Over the weekend, a man reportedly called his local sheriff’s office to report that his roommate was stealing his weed. As if calling the cops to report your own marijuana isn’t unusual enough, the man’s roommate had apparently taken only $20 worth of pot.
Man Calls Cops Multiple Times
Apparently, in each call the man attempted to get the cops to respond to his complaint that his roommate had stolen his weed. Specifically, $20 worth of it.
From the sounds of the local news report, the sheriff’s office never went to the complaining witness’s home. Instead, Pasco County Deputy Zalva reportedly asked the man to stop calling.
“The guy’s calling in saying his roommate stole his weed—$20 worth,” Zalva said in a video posted to social media. “I called him to let him know not to call the sheriff’s office to report his drugs. He started to freak out a little on the phone, and hung up on me shortly after.”
It appears that nothing else came of the man’s repeated calls to 911. And there have been no updates indicating that authorities responded or did anything about the roommate.
Cops, Weed Jokes, and Social Media
Instead of responding to the man’s calls, local authorities did what they called a #TweetAlong.
Basically, Deputy Zalva took to twitter while out on duty. In a couple posts, Zalva is seen driving around and describing the situation.

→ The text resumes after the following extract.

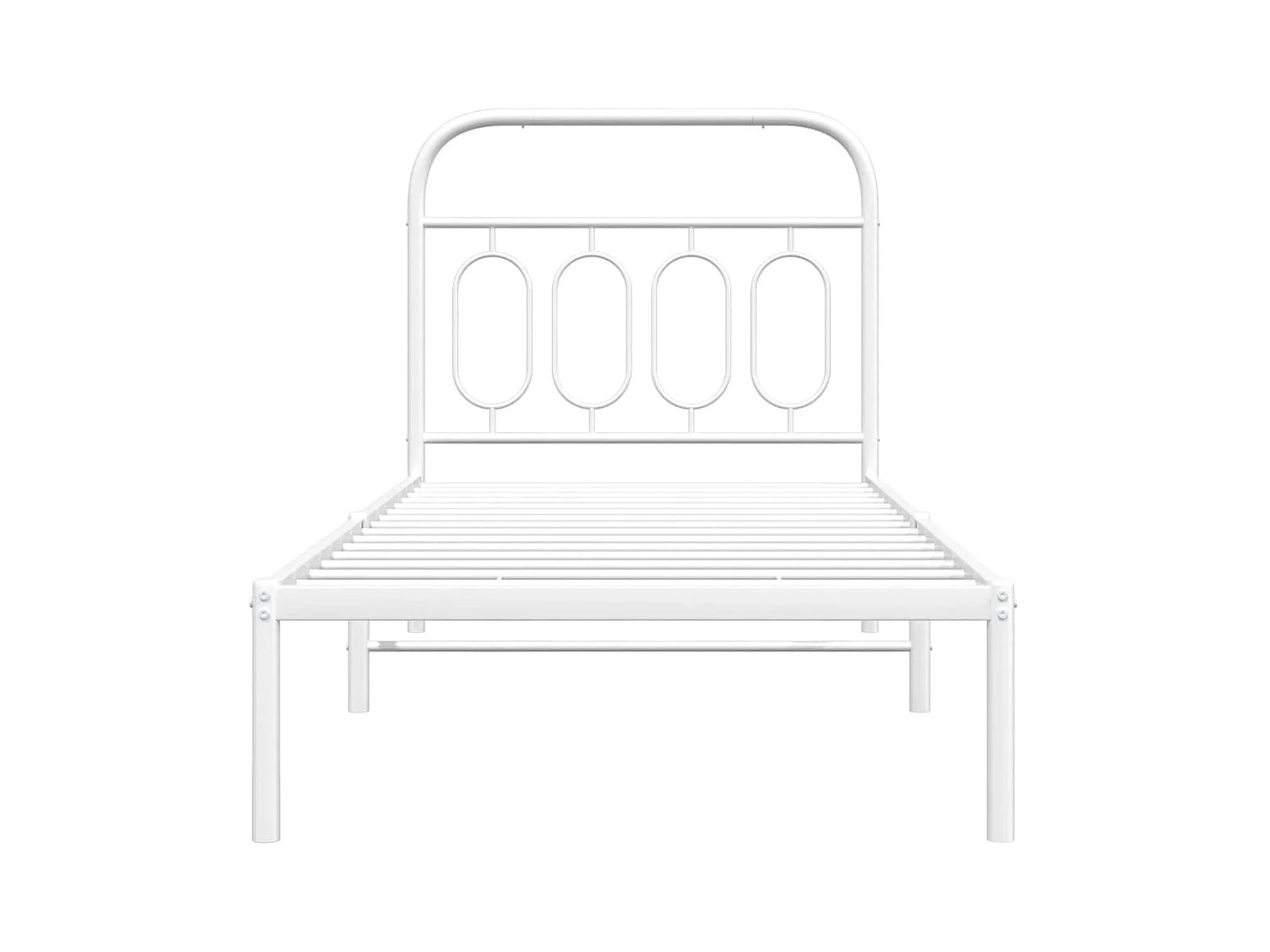 Estructura de cama de metal con cabecero blanco 90x190 cm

Presumably, the TweetAlong was intended to be a humorous social media post. Interestingly, this has become a fairly common thing for law enforcement agencies around the country.

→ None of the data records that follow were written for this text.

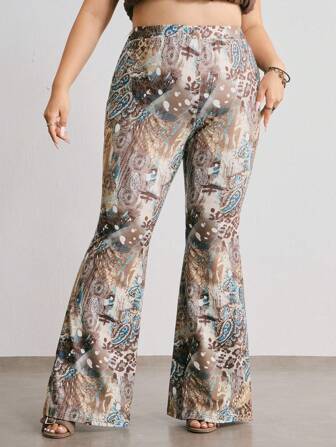 Hippie Pantalones de pierna ancha de cintura alta con estampado floral tropical para mujeres de talla grande, adecuados para la primavera y el otoño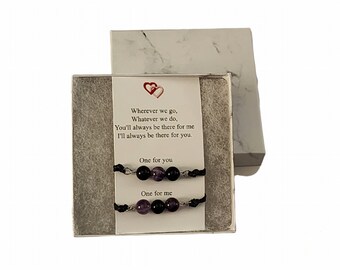 Couples Adjustable Waxed Cord Bracelet Set, Purple Dream Lace Amethyst and Black Onyx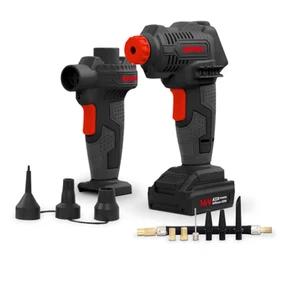 ROWI Akku-Kompressor Luftpumpe Set 14-tlg 12V/230V Auto Ball Fahrrad NEU OVP - Bild 1 von 4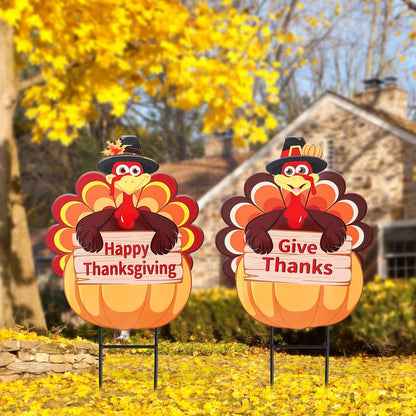 Whaline 2 Pack Fall Thanksgiving Metal Decorative Garden Stake Turkey Pumpkin Welcome Harvest Yard Sign Waterproof for Home Garden Yard Lawn Patio Backyard Walkway Decorations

Other examples of cops posting weed-enforcement related posts include:
- In the days leading up to Seattle Hempfest, cops one year handed out bags of Doritos. The bags came with notes reminding attendees that it is illegal to smoke in public.
- In the small town of Wyoming, Minnesota, cops regularly stage social media jokes about cannabis crackdowns. Most notably, they posted a picture of officers posing with snacks, video games, and a net. They called the whole thing “undercover #420 operations.”
- Similarly, cops at Iowa State University staged what they called “weed traps.” Like the cops in Minnesota, this cop weed joke depicted the officers’ luring weed smokers with donuts.
- Beyond these staged social media posts, cops regularly post photos of seized assets from drug busts.
On the surface, these types of social media posts appear to be good humored and more or less benign. But as High Times has argued in the past, these jokes tend to obscure problematic realities.
Most notably, the fact that despite growing legalization, thousands upon thousands of people remain under the control of the legal system because of weed-related offenses. And typically, low level, non-violent offenses.